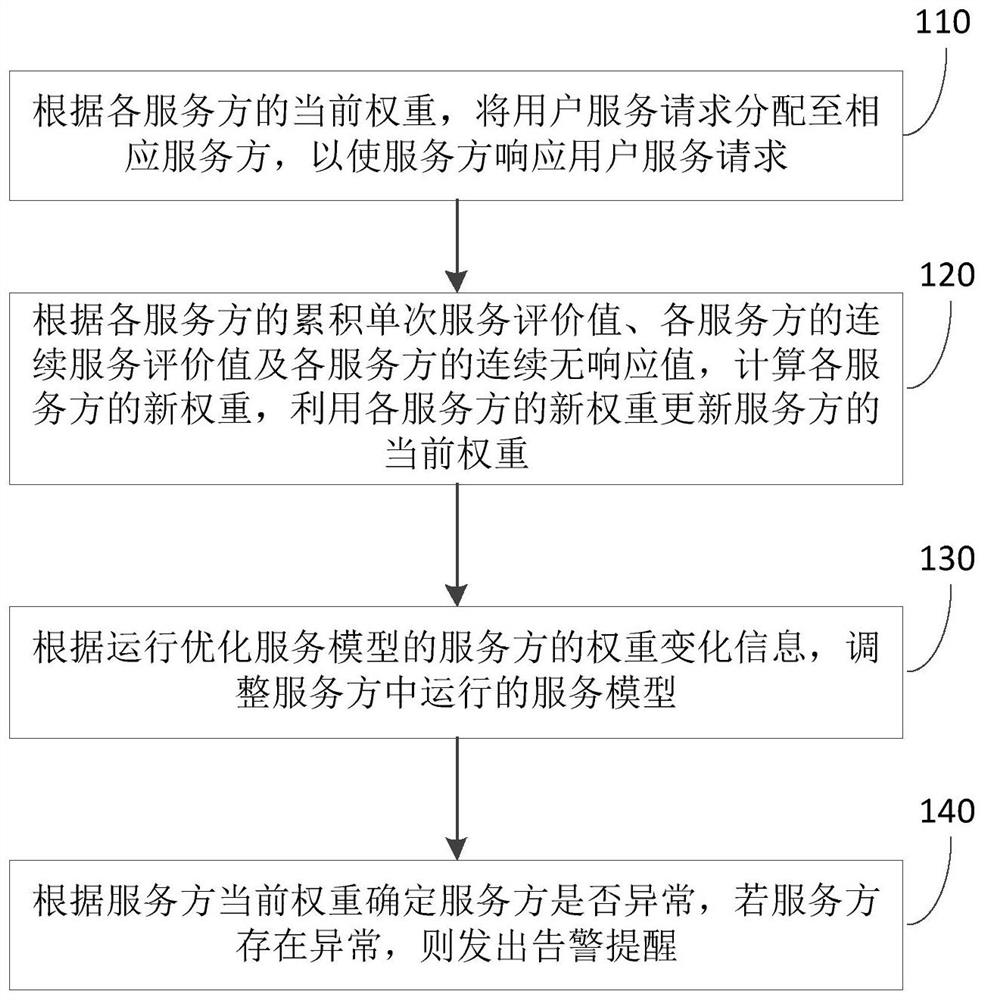 Service optimization scheduling method and device, equipment and storage medium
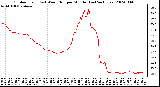 Milwaukee Weather Outdoor Temp (vs) Wind Chill per Minute (Last 24 Hours)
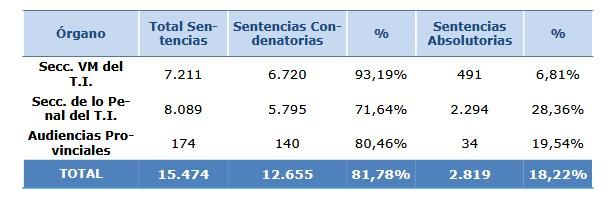 Secciones de Violencia sobre la Mujer de los Tribunales de Instancia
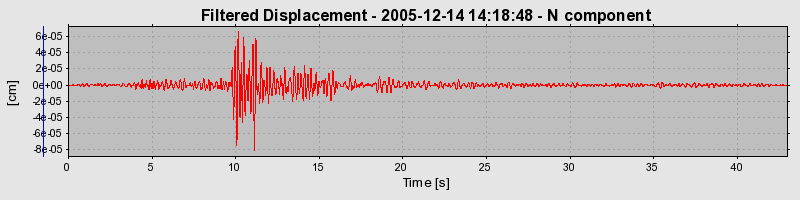 Plot-20160718-21858-9o041-0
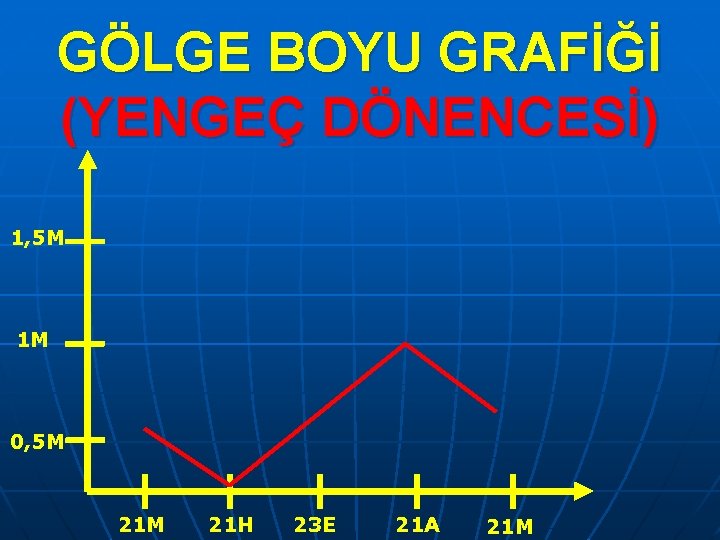 GÖLGE BOYU GRAFİĞİ (YENGEÇ DÖNENCESİ) 1, 5 M 1 M 0, 5 M 21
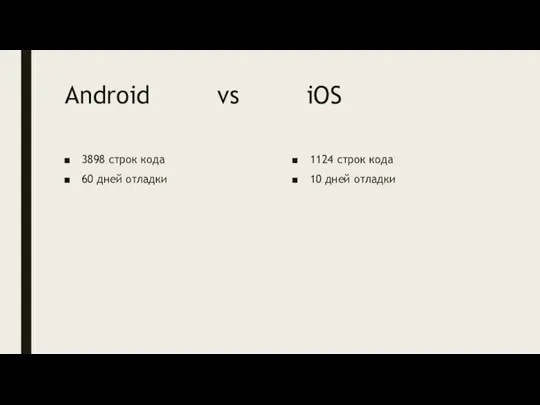 Android vs iOS 3898 строк кода 60 дней отладки 1124 строк кода 10 дней отладки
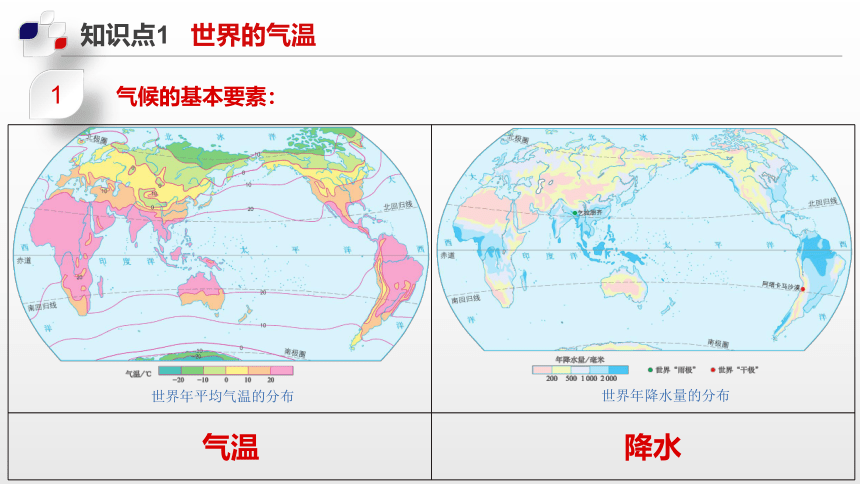 单元复习02  世界气候- 2022-2023学年八年级地理上册单元复习（中图版）(共64张PPT)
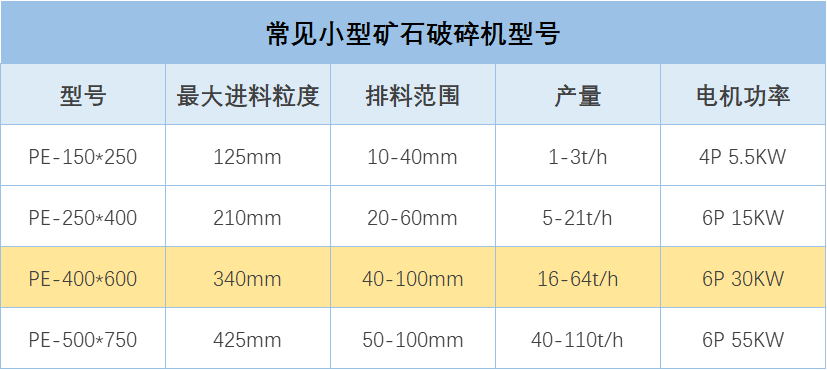 常見(jiàn)小型礦石破碎機型號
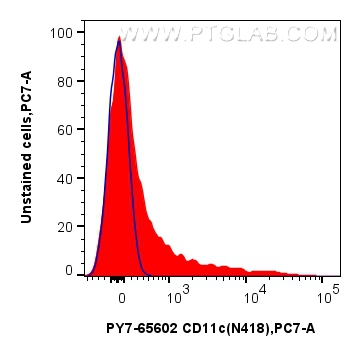 FC experiment of mouse splenocytes using PY7-65602
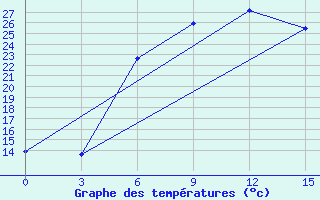 Courbe de tempratures pour Obojan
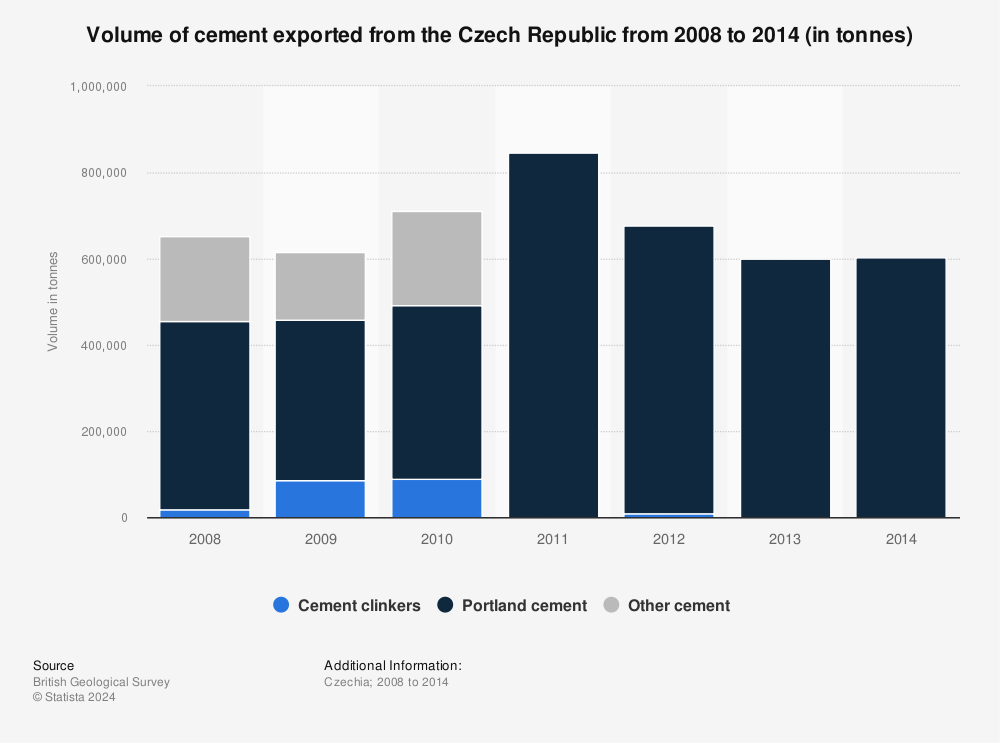 Statistic: Volume of cement exported from the Czech Republic from 2008 to 2014 (in tonnes) | Statista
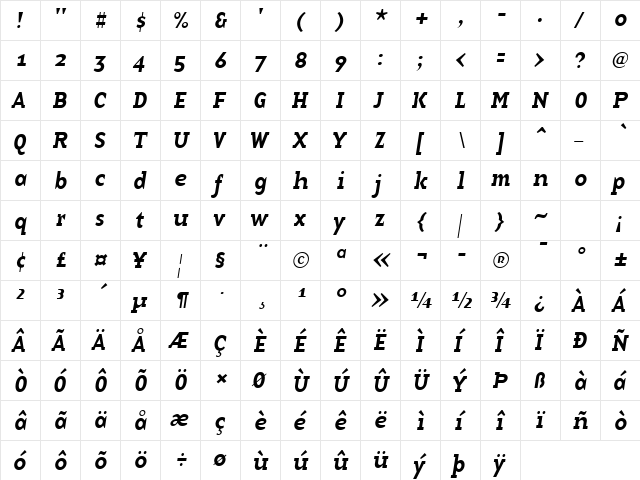 BaseTwelveSerif, Italic Regular  glyph index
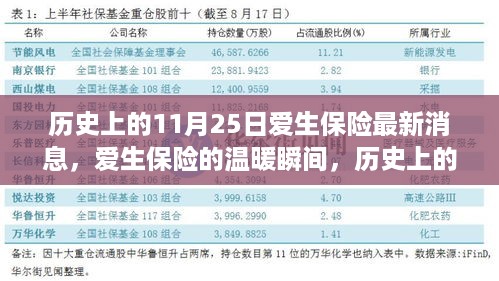 爱生保险，历史温暖瞬间与今日新篇章的最新消息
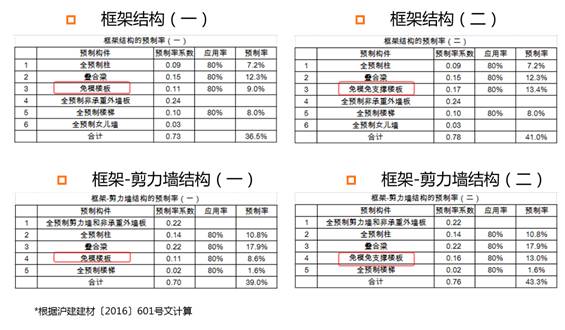 装配式|谢旺兰:装配整体式混凝土框架结构设计要点及案例分析 装配式技术 第11张-BIM建筑网 装配式|谢旺兰:装配整体式混凝土框架结构设计要点及案例分析 装配式技术 第11张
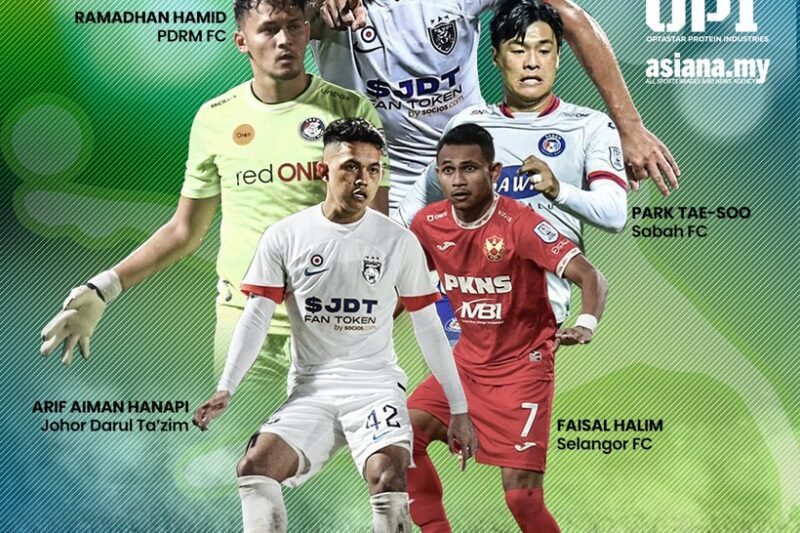 Pemain Terbaik Bulanan: Lebih dari Sekadar Penghargaan, Sebuah Pengakuan Atas Performa Gemilang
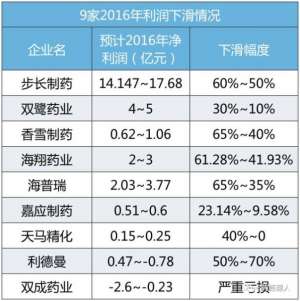 2016最新业绩揭底：这9家药企缘何出现利润大下滑？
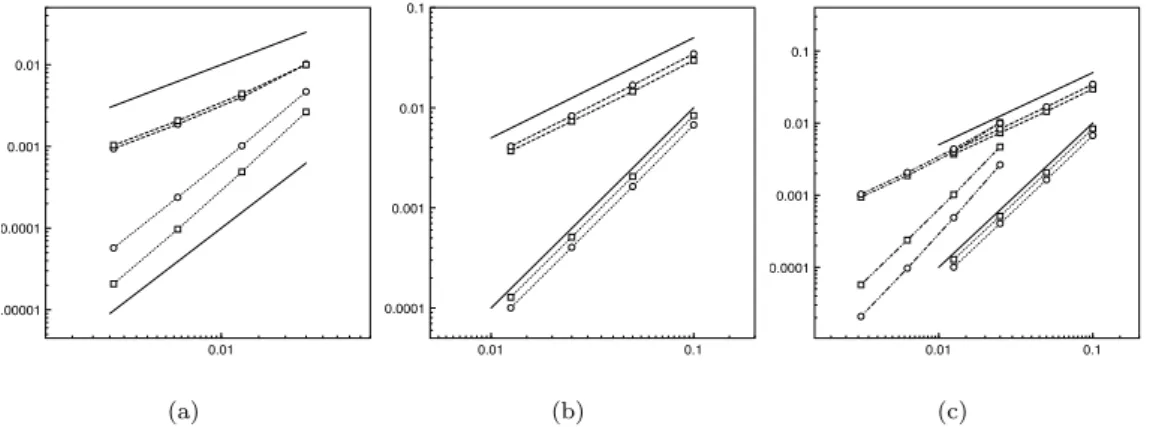 Figure 1: Convergence plot for the fractional-step method applied to the problem defined by the exact solution (57)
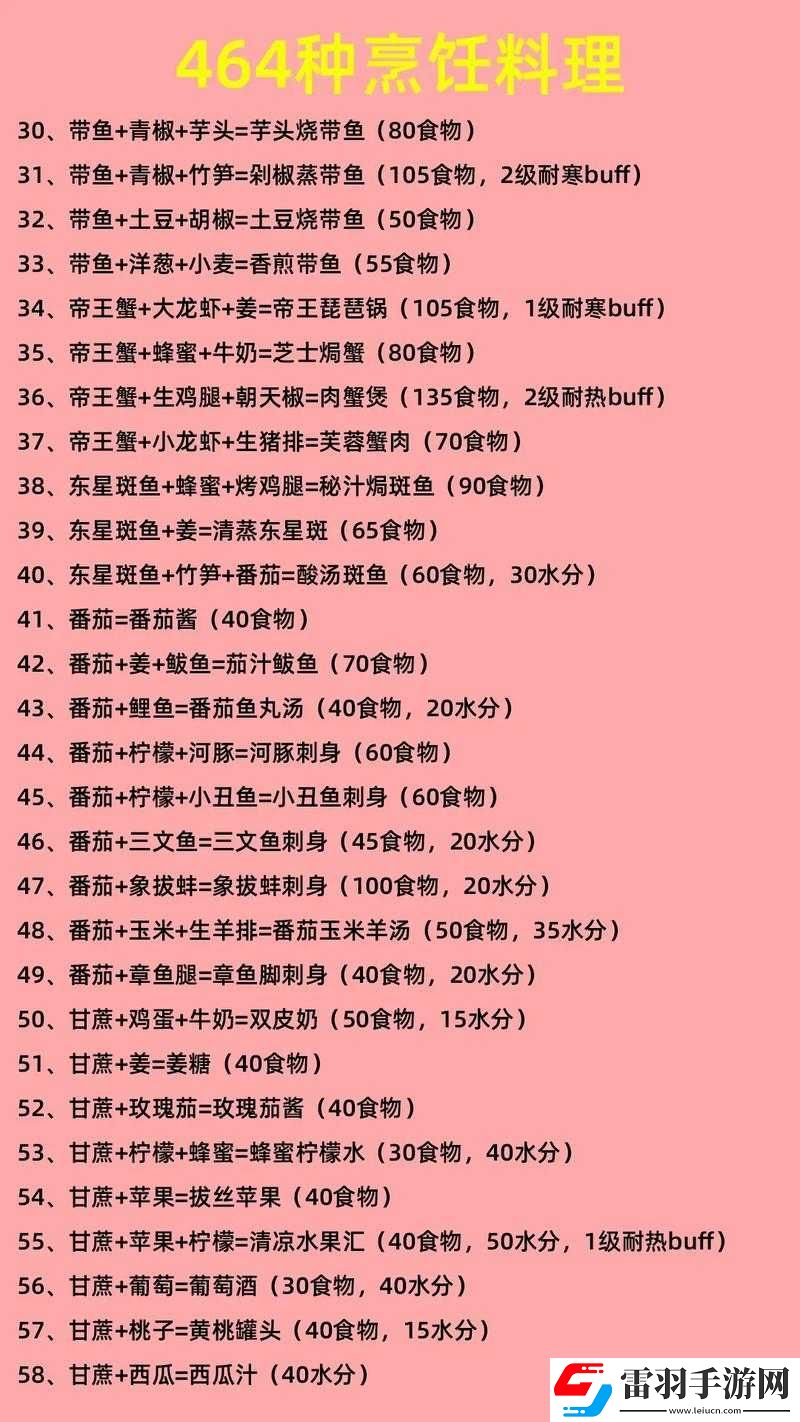 创造与魔法超全食谱大全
====
Task goal:
With the pictures left out, copy exactly the lines from the one containing "BaseTwelveSerif, Italic Regular" through the final line of the records above, both included.

Answer box:
 BaseTwelveSerif, Italic Regular  glyph index
 爱生保险，历史温暖瞬间与今日新篇章的最新消息
 装配式|谢旺兰:装配整体式混凝土框架结构设计要点及案例分析 装配式技术 第11张-BIM建筑网 装配式|谢旺兰:装配整体式混凝土框架结构设计要点及案例分析 装配式技术 第11张
 Pemain Terbaik Bulanan: Lebih dari Sekadar Penghargaan, Sebuah Pengakuan Atas Performa Gemilang
 2016最新业绩揭底：这9家药企缘何出现利润大下滑？
 Figure 1: Convergence plot for the fractional-step method applied to the problem defined by the exact solution (57)
 创造与魔法超全食谱大全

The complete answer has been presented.